To install precompiled binaries, you need `conda` and install from `ccpi` channel using :
```
conda install ccpi-regulariser -c ccpi -c conda-forge
```
In order to compile C/C++ sources and additional wrappers from source code for numpy 1.12 and python 3.6, the recommended way is:
```
git clone https://github.com/vais-ral/CCPi-Regularisation-Toolkit
cd CCPi-Regularisation-Toolkit
export CCPI_BUILD_ARGS="--numpy 1.12 --python 3.6"
build/jenkins-build.sh
```
this will install `conda build` environment and compiles C/C++ and Python wrappers and performs basic tests for environment with python 3.6 and numpy 1.12.
### CMake
If you want to build directly using cmake, install CMake (v.>=3) to configure it. Additionally you will need a C compiler, `make` (on linux) and CUDA SDK where available. The toolkit may be used directly from C/C++ as it is compiled as a shared library (check-out the include files in `Core` for this)
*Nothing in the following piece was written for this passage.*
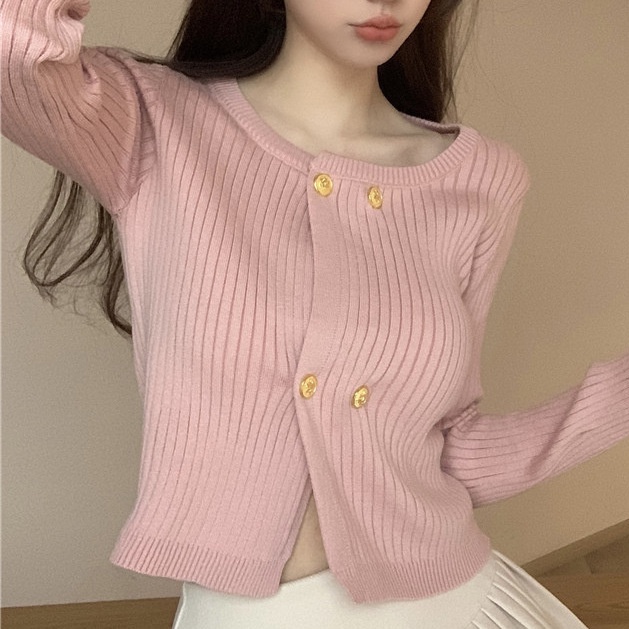 Áo len dáng croptop thiết kế tiểu thư đơn giản, Áo croptop phong cách Hàn Quốc nhẹ nhàng LK03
1. Clone this repository to a directory, i.e. `CCPi-Regularisation-Toolkit`,
2. create a build directory.
3. Issue `cmake` to configure (or `cmake-gui`, or `ccmake`, or `cmake3`). Use additional flags to fine tune the configuration.
Flags used during configuration
| CMake flag | type | meaning |
|:---|:----|:----|
| `BUILD_PYTHON_WRAPPER` | bool | `ON\|OFF` whether to build the Python wrapper |
| `BUILD_MATLAB_WRAPPER` | bool | `ON\|OFF` whether to build the Matlab wrapper |
| `CMAKE_INSTALL_PREFIX` | path | your favourite install directory |
| `PYTHON_DEST_DIR` | path | python modules install directory (default `${CMAKE_INSTALL_PREFIX}/python`) |
| `MATLAB_DEST_DIR` | path | Matlab modules install directory (default `${CMAKE_INSTALL_PREFIX}/matlab`)|
| `BUILD_CUDA` | bool | `ON\|OFF` whether to build the CUDA regularisers |
| `CONDA_BUILD`| bool | `ON\|OFF` whether it is installed with `setup.py install`|
| `Matlab_ROOT_DIR` | path | Matlab directory|
|`PYTHON_EXECUTABLE` | path | /path/to/python/executable|
Here an example of build on Linux (see also `run.sh` for additional info):
```bash
git clone https://github.com/vais-ral/CCPi-Regularisation-Toolkit.git
cd build
cmake .. -DCONDA_BUILD=OFF -DBUILD_MATLAB_WRAPPER=ON -DBUILD_PYTHON_WRAPPER=ON -DBUILD_CUDA=ON -DCMAKE_BUILD_TYPE=Release -DCMAKE_INSTALL_PREFIX=./install
make install
cd install/python
export LD_LIBRARY_PATH=${LD_LIBRARY_PATH}:../lib
```
### Python
#### Python binaries
Python binaries are distributed via the [ccpi](https://anaconda.org/ccpi/ccpi-regulariser) conda channel. Currently we produce packages for Linux64, Python 2.7, 3.5 and 3.6, NumPy 1.12 and 1.13.
```
conda install ccpi-regulariser -c ccpi -c conda-forge
```
#### Python (conda-build)
```
export CIL_VERSION=19.03
conda build recipe/ --numpy 1.12 --python 3.5
conda install ccpi-regulariser=${CIL_VERSION} --use-local --force
cd demos/
python demo_cpu_regularisers.py # to run CPU demo
python demo_gpu_regularisers.py # to run GPU demo
```
#### Python build
If passed `CONDA_BUILD=ON` the software will be installed by issuing `python setup.py install` which will install in the system python (or whichever other python it's been picked up by CMake at configuration time.)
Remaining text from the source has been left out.